In den vergangenen drei Wochen überschlugen sich auf dem Biogetreidemarkt die Ereignisse. Die Situation war wegen eines enormen Überangebots bereits extrem angespannt. Die Ankündigung der Biogetreide-Agentur, den Bauern einen Großteil der Gelder für die vorjährige Ernte schuldig bleiben zu müssen, um die Bilanz zu retten, wirkte wie ein Schock.

Eine in der Vorwoche präsentierte Lösung rund um ein Unternehmen eines ehemaligen Geschäftsführers von Bio Austria wurde in der Branche schnell als „alter Wein in neuen Schläuchen“ abgelehnt. Zu eng waren die Verbindungen mit dem Geschäftsführer der Agentur für Biogetreide, der bereits einmal wegen eines Schwindels mit Biogetreide eine Haftstrafe verbüßt hatte und auch in der neuen Gesellschaft die Vermarktung maßgeblich mitgestalten sollte.

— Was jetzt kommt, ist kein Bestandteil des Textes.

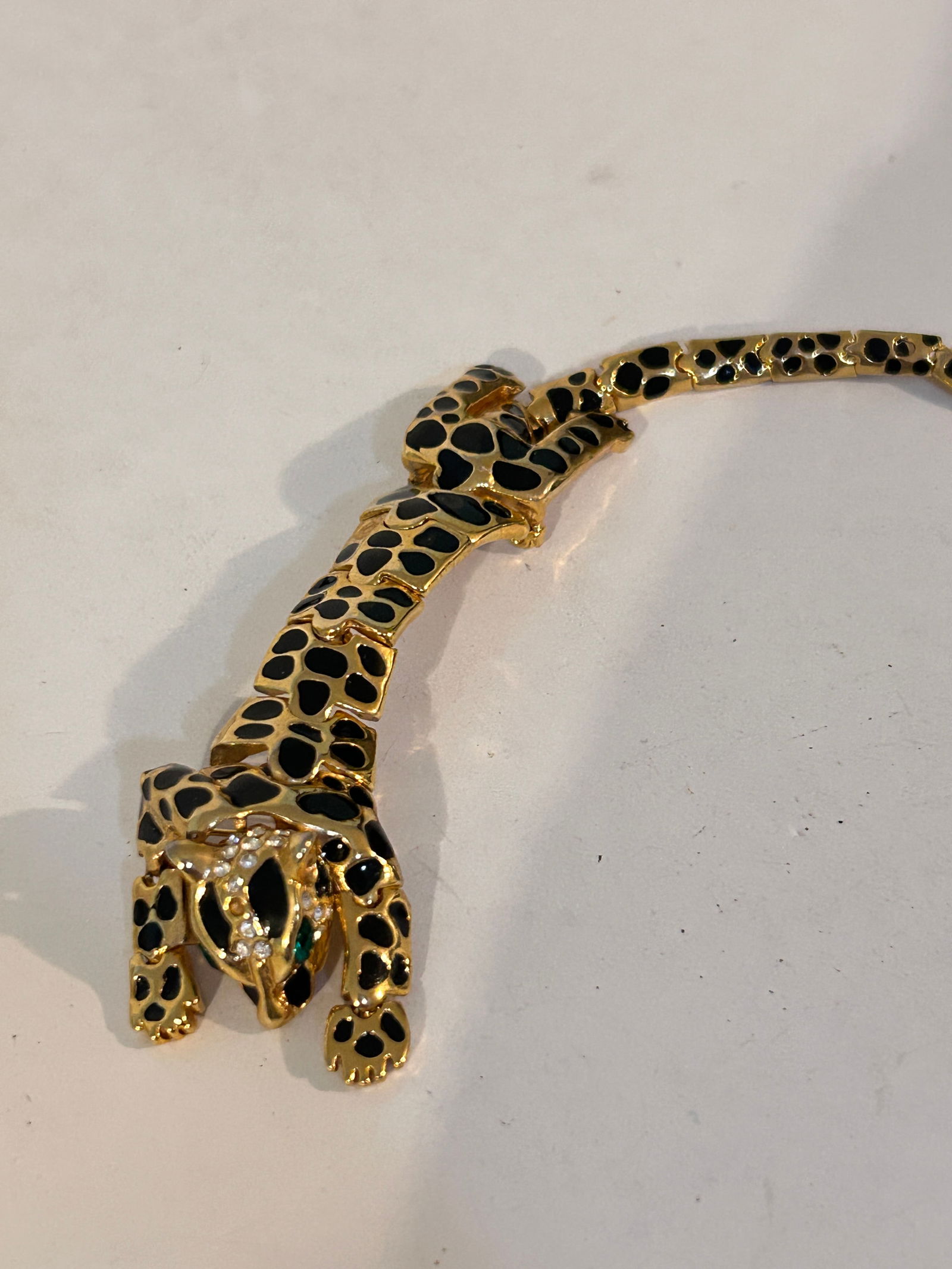 Vintage Big Cat Shoulder Brooch Jaguar Leopard Draping Double Pin Gold Tone Link: Vintage Big Cat Shoulder Brooch Jaguar Leopard Draping Double Pin Gold Tone Link Please view all photos as they are part of the description and condition of this Item, Feel free to contact me with que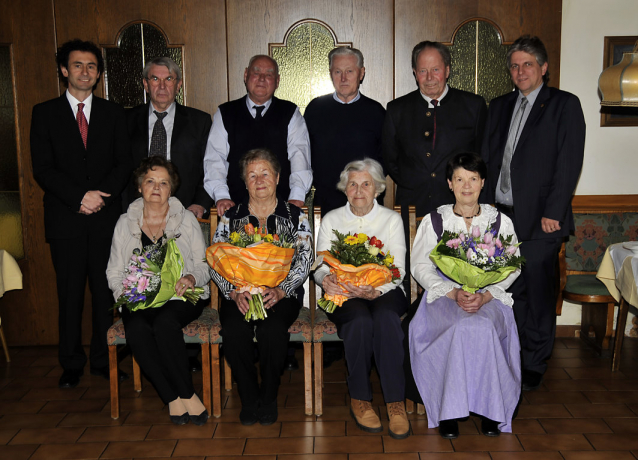 BH Dr. Berger und Bürgermeister Abler flankieren die Jubelpaare Grabher, Schwendinger, Gasteiger und Rieder (v.l) - Foto: Pangrazzi BH Dr. Berger und Bürgermeister Abler flankieren die Jubelpaare Grabher, Schwendinger, Gasteiger und Rieder (v.l) - Foto: Pangrazzi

Dazu kamen rechtliche Bedenken gegenüber dieser Konstruktion. Man befürchtete, dass sich die Agentur auf Kosten der Biobauern retten wollte. „Diese Bedenken sind immer noch nicht ausgeräumt“, erklärte am Dienstag Bio-Austria-Obmann Rudi Vierbauch und zog die Reißleine. Er kündigte die Gründung einer neuen Organisation für eine Vermarktung „in bäuerlicher Hand und mit starken Partnern“ an.

Wie die Lösung wirklich aussehen und wann sie kommen wird, bleibt er vorerst schuldig. „Die Vorbereitungen laufen auf Hochtouren“, heißt es wenig verbindlich. Dem Vernehmen nach dürfte die Raiffeisen Ware Austria, die mit ihren Lagerhäusern über die meisten Lager verfügt, eine wichtige Rolle spielen.

Wie es für die Tausenden Bauern weitergeht, die noch auf mehr als die Hälfte des von der Agentur versprochenen Erntegeldes aus dem Vorjahr warten, ist weiter ungewiss. Für viele geht es um fünfstellige Beträge.

Ob sie zu ihrem Geld kommen, ist alles andere als sicher. In der Branche rechnet man nach dem Bruch zwischen Bio Austria und der Agentur mit einem Konkurs des bisher wichtigsten Vermarkters von heimischem Biogetreide.